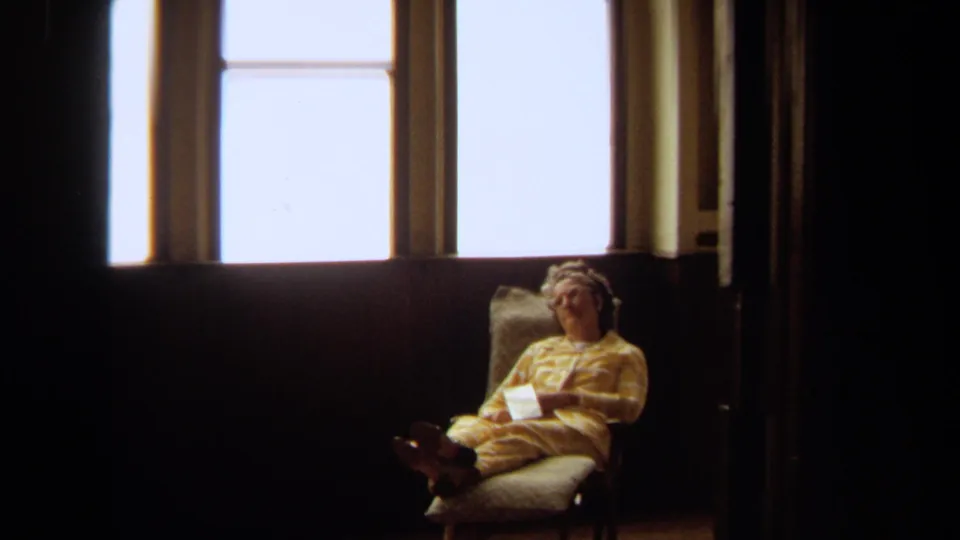 Closer 1971 Long Beach frame of an elderly woman appearing to doze in a lounge chair beneath a bright window.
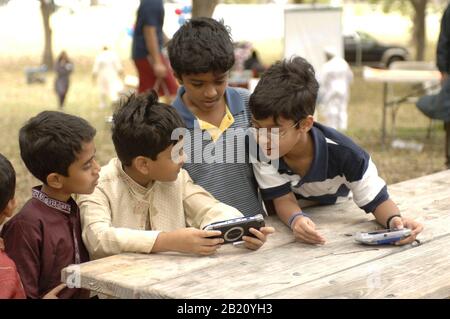 Austin, Texas 12. November 2005: Jungs spielen mit einem Sony PSP-Handheld-Spielgerät am Ende des Ramadan (Eid) Festivals für die muslimische Gemeinschaft in Zentral-Texas. Die Veranstaltung zeigt Essen, Tanz und Feste der muslimischen Welt. ©Bob Daemmrich Stockfoto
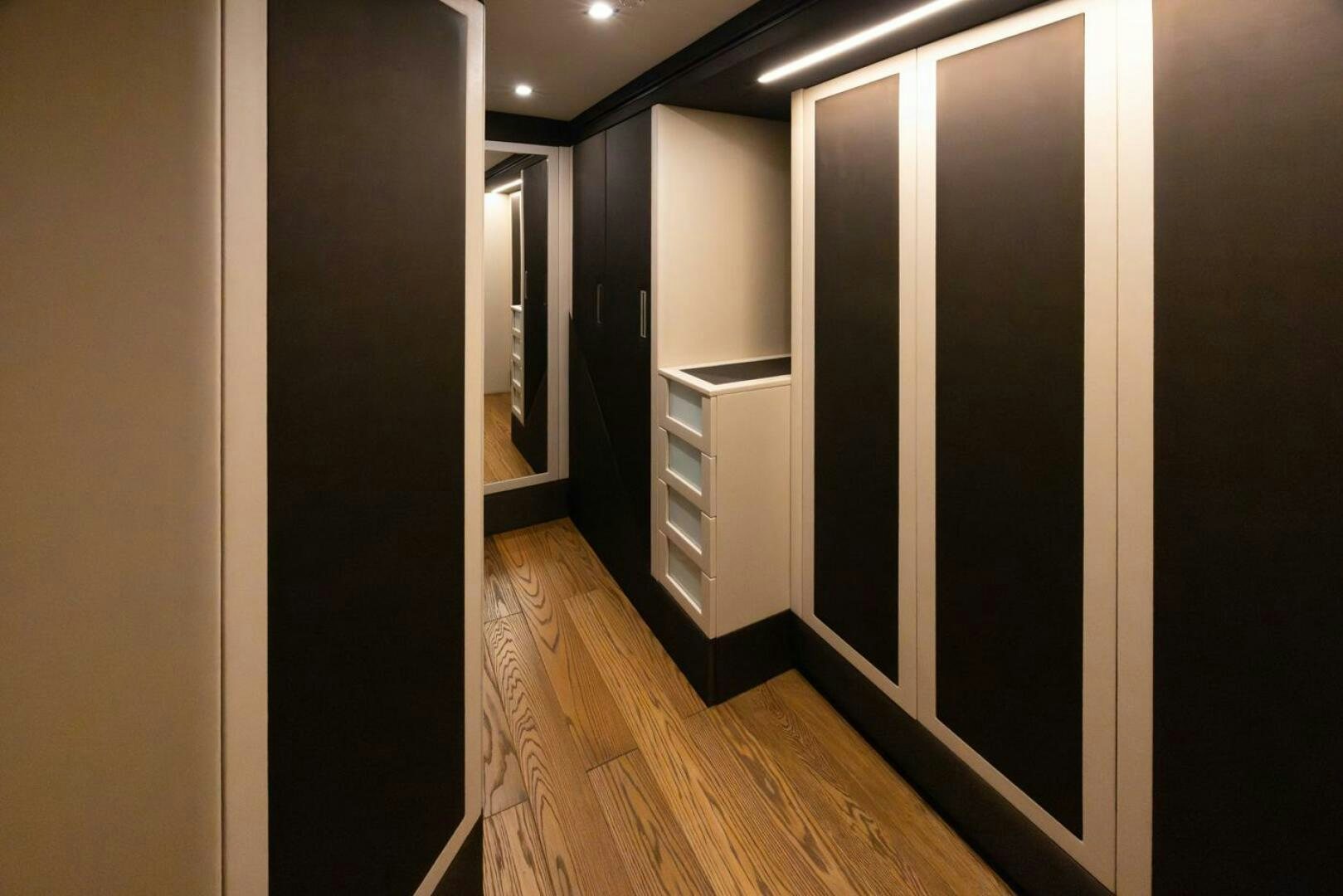 a hallway with a wood floor and cabinets aboard LADY CAROLINE Yacht for Sale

PROBLEM DESCRIPTION:
Repeat the data exactly as written, but without the pictures.

OUTPUT OF THE TASK:
 Closer 1971 Long Beach frame of an elderly woman appearing to doze in a lounge chair beneath a bright window.
 Austin, Texas 12. November 2005: Jungs spielen mit einem Sony PSP-Handheld-Spielgerät am Ende des Ramadan (Eid) Festivals für die muslimische Gemeinschaft in Zentral-Texas. Die Veranstaltung zeigt Essen, Tanz und Feste der muslimischen Welt. ©Bob Daemmrich Stockfoto
 a hallway with a wood floor and cabinets aboard LADY CAROLINE Yacht for Sale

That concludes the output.